Hm, I’m not sure which is better design starting from tabula rasa, but I believe the heartbeat idea should work and doesn’t require an FDB API change.

In the Record Layer, there’s a SynchronizedSession class that is supposed to handle some of those details: https://github.com/FoundationDB/fdb-record-layer/blob/master/fdb-extensions/src/main/java/com/apple/foundationdb/synchronizedsession/SynchronizedSession.java

The way it works is there are two keys: (1) one with a UUID indicating the current holder of the lock and (2) another containing the lock’s timeout. Then to do things, the lock holder reads the UUID key, verifies it is the same, and updates the heartbeat with their timestamp plus some lease period. Observers read the UUID key and the timestamp key, and if the timestamp is less than the lease period expiration time, then they assume the lock holder is still alive. If their own time is greater than the timestamp, then they try and claim the lock by writing their own UUID into the key and updating the timestamp.
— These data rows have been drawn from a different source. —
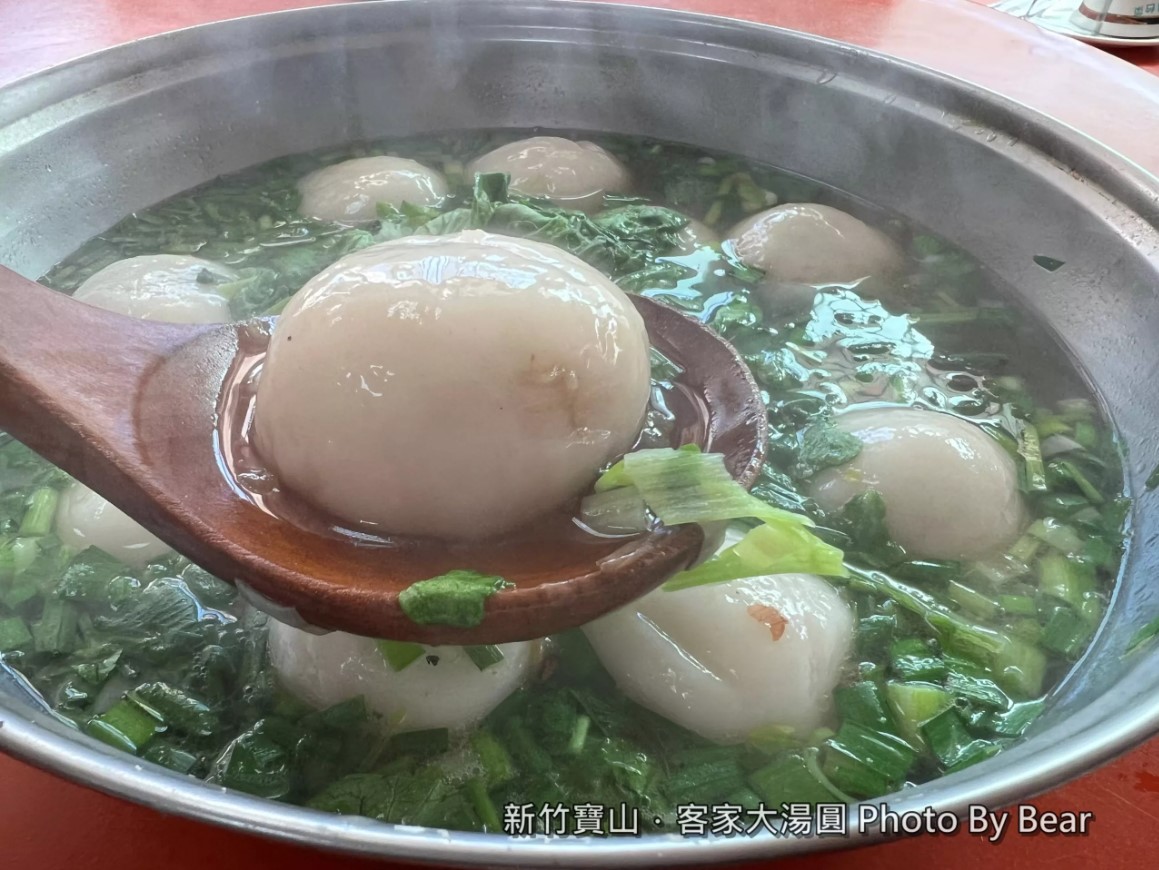 【新竹寶山】「阿婆客家大湯圓．超低調！隱身三合院裡的台式熱炒店（放山土雞／私房拿手菜/客家米食/聚餐推薦）」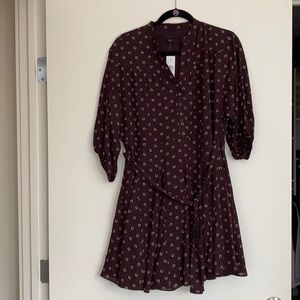 New with tags! Ann Taylor horseshoe swing dress!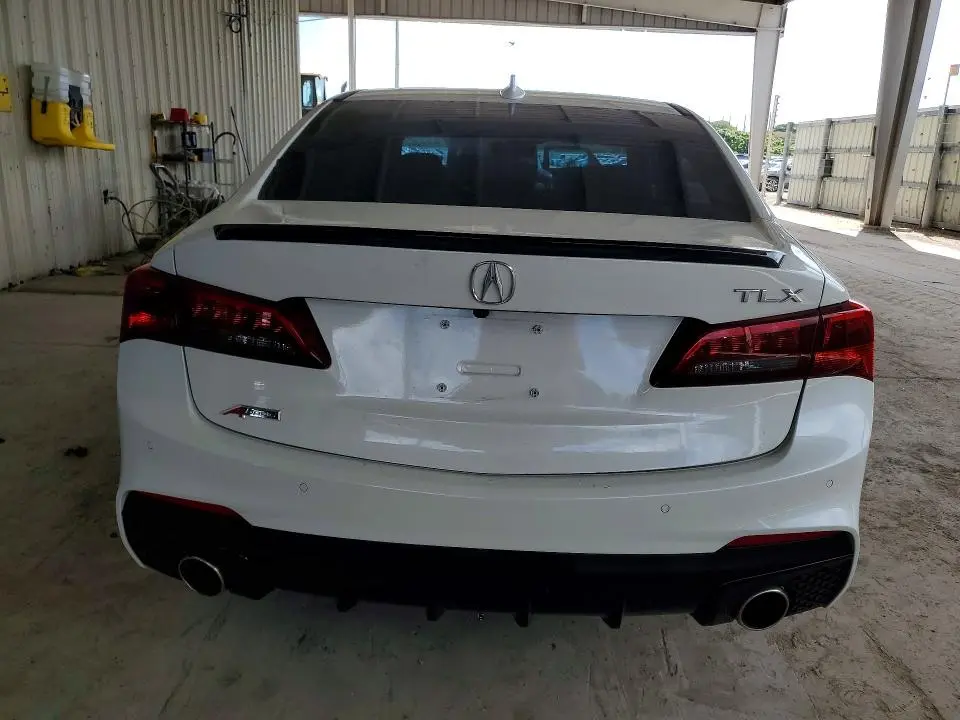 2020 ACURA TLX TECHNOLOGY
Note that in this design, it is the value of the UUID key that truly determines the lock holder/leader, not the timestamp value. This means that in the presence of clock drift, a leader is still chosen and there is consensus on who holds the lock. (I don’t think this in our implementation, but you could even relax this protocol by reading the UUID key at SNAPSHOT isolation level if you are okay with there temporarily being two leaders.) Using the timestamp is just a performance optimization.

That being said, there are problems that can arise with clock drift. For example, if one process’s clock drifts way ahead and then writes a timestamp way in the future, no one will be able to claim the lock until that time. This can be ameliorated by adding “escape hatches” that allow an operator to manually remove a lock, but it’s not awesome.
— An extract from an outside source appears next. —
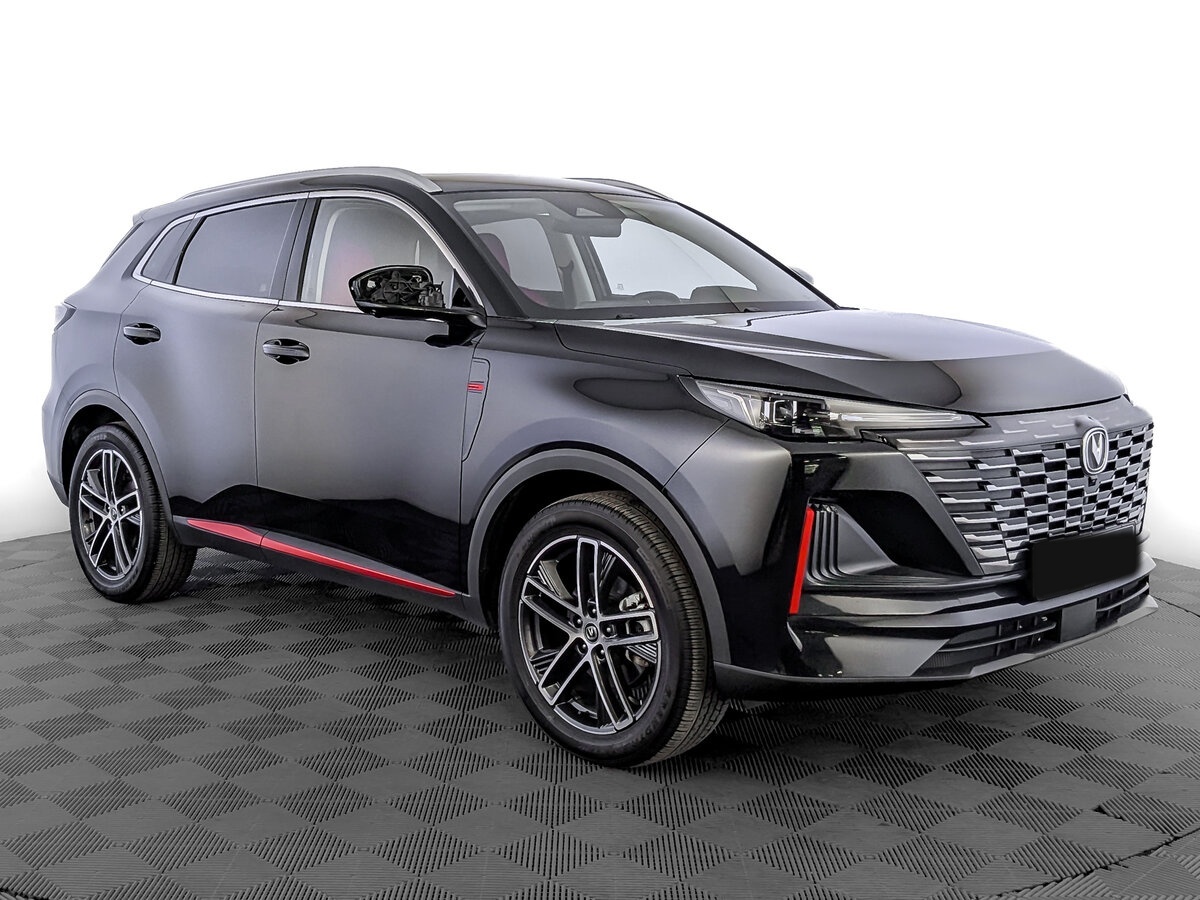 Changan CS55 Plus II, 2023 Фото №3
I believe our backup tooling does a similar thing, but it uses database versions instead of wall clock time. Maybe @SteavedHams can correct me, but I believe that that’s what this line is doing: https://github.com/apple/foundationdb/blob/a4f12a19a3a24bd68676bef8e629d6e855c4702c/fdbclient/TaskBucket.actor.cpp#L223

That ameliorates some of the problems with clocks, but it depends on knowing how versions correlate with time, and that relationship may change in a future release. (Or in other words, the current behavior should not be considered part of the API.) Or at least that’s advice we’ve given in the past.

You are, except that if a storage server has too many watches, then it will “cancel” some of them, which then causes clients to revert to polling. Thus, this would only work up to a certain (large) number of watches.
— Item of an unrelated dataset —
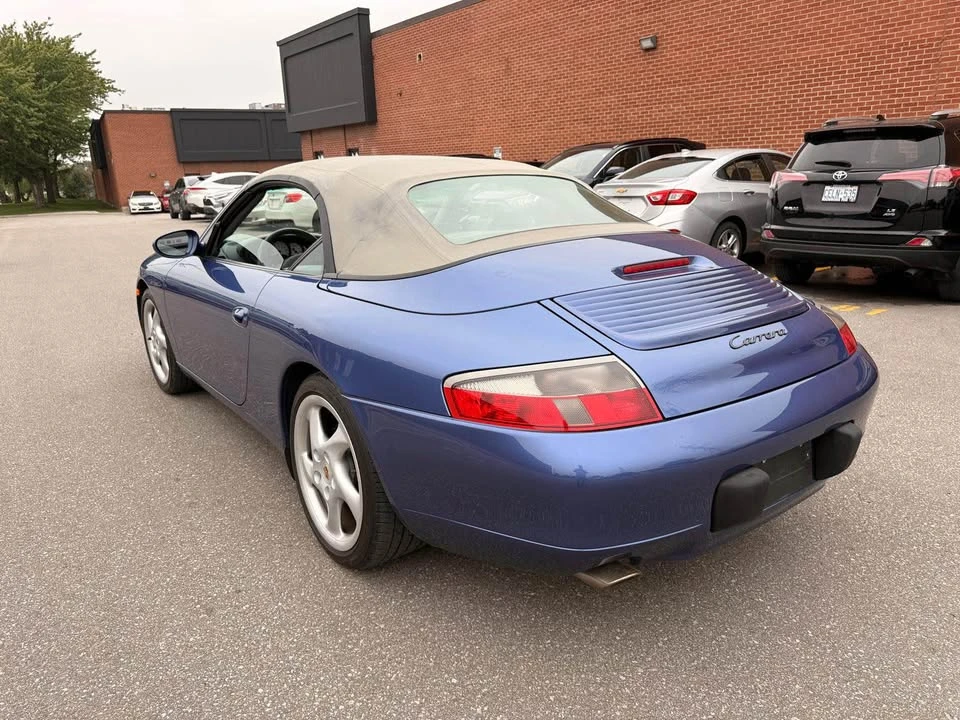 2000 Porsche 996 Carrera - Image 7 of 20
I agree that the better way to do this is by doing leader election on top of/via FDB, as Alec described.

Thanks, I think I’ll go with the “lease” strategy after all. Only thing I’m thinking differently than what was suggested is to leave the expiry-timing measurement concerns to the secondaries – something like have the primary regularly update the non-uuid key on a regular basis (atomic increments or maybe version-stamps) and require that secondaries have observed a static value there for the duration of the lease (according to each one’s local wall-time when sampling the “heartbeat”) before rushing for a promotion.

Correct. The TaskBucket execution framework used by Backup and DR uses timestamps for both task timeouts and scheduling future execution of tasks. Also, even though there currently is a fixed “versions per second” that the cluster attempts to adhere to, even without a behavior change there are events that can cause the commit version to advance suddenly and dramatically, such as a master recovery or a DR primary/secondary cluster switchover. TaskBucket is not particularly concerned with the passage of real time even for scheduled tasks, so they can be approximate at best and occasionally wildly inaccurate without serious consequences.